The American Civil Liberties Union sued two psychologists who devised the CIA's Bush-era interrogation program on Tuesday, saying they encouraged the agency "to adopt torture as official policy" and made millions of dollars in the process.
James Mitchell and Bruce Jessen, two former military psychologists, "designed the torture methods and performed illegal human experimentation on CIA prisoners to test and refine the program," the ACLU said in a statement.
"They personally took part in torture sessions and oversaw the program's implementation for the CIA," it said.
The CIA declined to comment on the suit.
The lawsuit was filed in federal court in Washington state on behalf of three U.S. prisoners - Gul Rahman, Suleiman Abdullah Salim and Mohamed Ahmed Ben Soud.
It said Salim and Ben Soud suffered lasting psychological and physical damage and that Gul died from hypothermia caused by dehydration and exposure to cold.
A U.S. Senate report last year found the CIA paid $80 million to a company run by two former U.S. Air Force psychologists without experience in interrogation or counterterrorism who recommended waterboarding, slaps to the face and mock burial for prisoners suspected of being terrorists. The psychologists were not named in the report but U.S. intelligence sources later identified them as Mitchell and Jessen.
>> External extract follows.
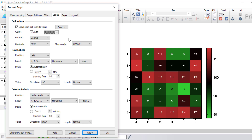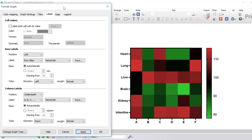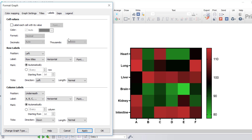Usually in gene expression heatmaps, cell labelling is not applied since the colour of the cell depicts the value, making it easy to visualise results when there are thousands of cells. Cell labelling may be useful if the heatmap is relatively small, or when creating a correlation matrix where you want to depict correlation coefficients. In this instance, I'm going to remove the labels within each cell. Under Row Labels, you can change the position and what the label actually is — so let's change this to row titles and click apply, so each row label now corresponds to the tissue type from the data table.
The ACLU said Mitchell and Jessen methods used on the three men included "slamming them into walls, stuffing them inside coffin-like boxes, exposing them to extreme temperatures and ear-splitting levels of music, starving them, inflicting various kinds of water torture, depriving them of sleep for days, and chaining them in stress positions designed for pain and to keep them awake for days on end."
The United States never charged the men with a crime.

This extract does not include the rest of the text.